#### RECORDS PROVIDED
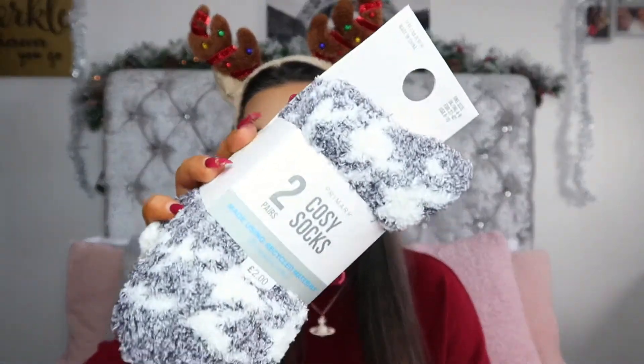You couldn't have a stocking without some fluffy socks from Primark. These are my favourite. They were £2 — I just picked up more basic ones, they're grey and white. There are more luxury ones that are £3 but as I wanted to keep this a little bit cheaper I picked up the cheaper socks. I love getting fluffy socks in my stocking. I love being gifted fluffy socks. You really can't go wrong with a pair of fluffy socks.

...

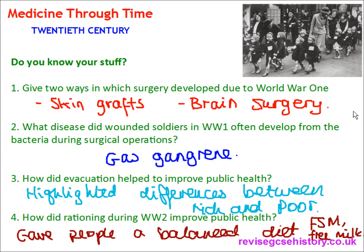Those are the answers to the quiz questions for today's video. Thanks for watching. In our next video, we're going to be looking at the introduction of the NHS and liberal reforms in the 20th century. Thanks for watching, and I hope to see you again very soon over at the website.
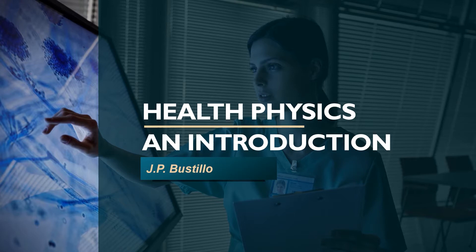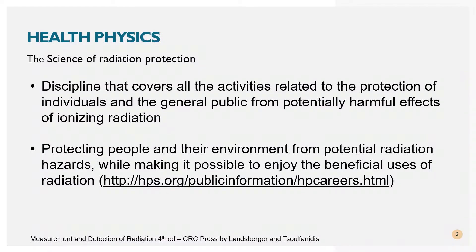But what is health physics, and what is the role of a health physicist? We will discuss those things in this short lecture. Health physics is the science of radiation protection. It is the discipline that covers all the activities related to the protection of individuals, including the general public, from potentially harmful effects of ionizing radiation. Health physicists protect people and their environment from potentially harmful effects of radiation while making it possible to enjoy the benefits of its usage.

---

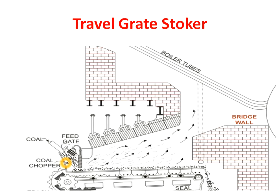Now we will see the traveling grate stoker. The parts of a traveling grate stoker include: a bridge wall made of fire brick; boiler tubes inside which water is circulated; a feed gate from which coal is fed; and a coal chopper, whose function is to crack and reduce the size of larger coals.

#### WHAT NEEDS TO BE DONE
Within these entries, output exactly the lines starting at the one with "Those are the" and finishing at the one with "But what is". Leave pictures out of the output.

#### FINAL ANSWER
Those are the answers to the quiz questions for today's video. Thanks for watching. In our next video, we're going to be looking at the introduction of the NHS and liberal reforms in the 20th century. Thanks for watching, and I hope to see you again very soon over at the website.
But what is health physics, and what is the role of a health physicist? We will discuss those things in this short lecture. Health physics is the science of radiation protection. It is the discipline that covers all the activities related to the protection of individuals, including the general public, from potentially harmful effects of ionizing radiation. Health physicists protect people and their environment from potentially harmful effects of radiation while making it possible to enjoy the benefits of its usage.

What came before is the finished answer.